Other things that do not work

diff --git a/data/iphone.py b/data/iphone.py
index 05cf1d5..e34bcc8 100644
--- a/data/iphone.py
+++ b/data/iphone.py
@@ -17,7 +17,7 @@ from util import log,debug
 class Dataset(base.Dataset):
 
     def __init__(self,opt,split="train",subset=None):
-        self.raw_H,self.raw_W = 1080,1920
+        self.raw_H,self.raw_W = 3024,4032
         super().__init__(opt,split)
         self.root = opt.data.root or "data/iphone"
         self.path = "{}/{}".format(self.root,opt.data.scene)
@@ -62,7 +62,7 @@ class Dataset(base.Dataset):
         return image
 
     def get_camera(self,opt,idx):
-        self.focal = self.raw_W*4.2/(12.8/2.55)
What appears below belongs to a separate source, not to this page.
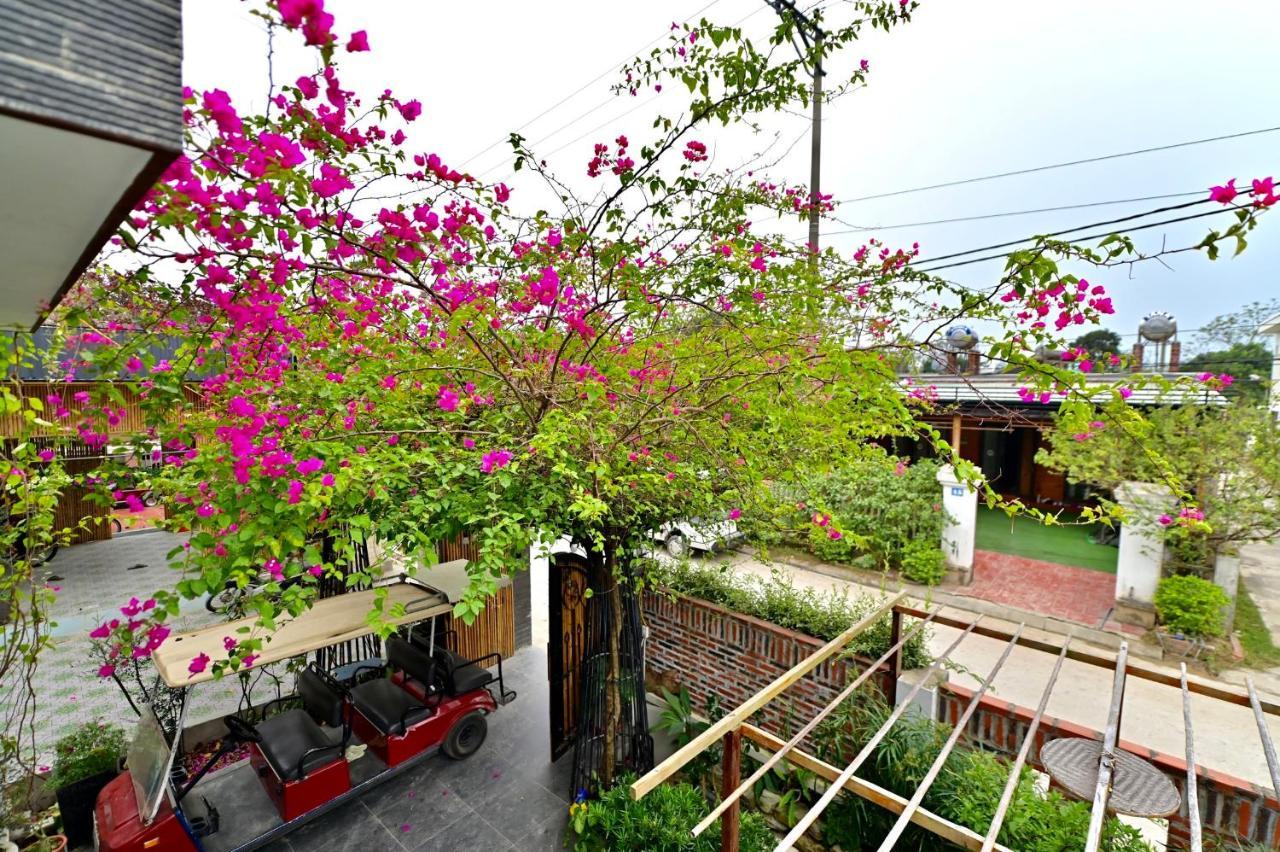 Coto Center Homestay Đảo Cô Tô Ngoại thất bức ảnh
+        self.focal = self.raw_W*1.6*35.0
         intr = torch.tensor([[self.focal,0,self.raw_W/2],
                              [0,self.focal,self.raw_H/2],
                              [0,0,1]]).float()
diff --git a/model/nerf.py b/model/nerf.py
index b0dcb2c..9a02e77 100644
--- a/model/nerf.py
+++ b/model/nerf.py
@@ -391,9 +391,11 @@ class NeRF(torch.nn.Module):
 
     def composite(self,opt,ray,rgb_samples,density_samples,depth_samples):
         ray_length = ray.norm(dim=-1,keepdim=True) # [B,HW,1]
+        ray_length = numpy.clip(ray_length, 0, 1e3)
+        
         # volume rendering: compute probability (using quadrature)
         depth_intv_samples = depth_samples[...,1:,0]-depth_samples[...,:-1,0] # [B,HW,N-1]
-        depth_intv_samples = torch.cat([depth_intv_samples,torch.empty_like(depth_intv_samples[...,:1]).fill_(1e10)],dim=2) # [B,HW,N]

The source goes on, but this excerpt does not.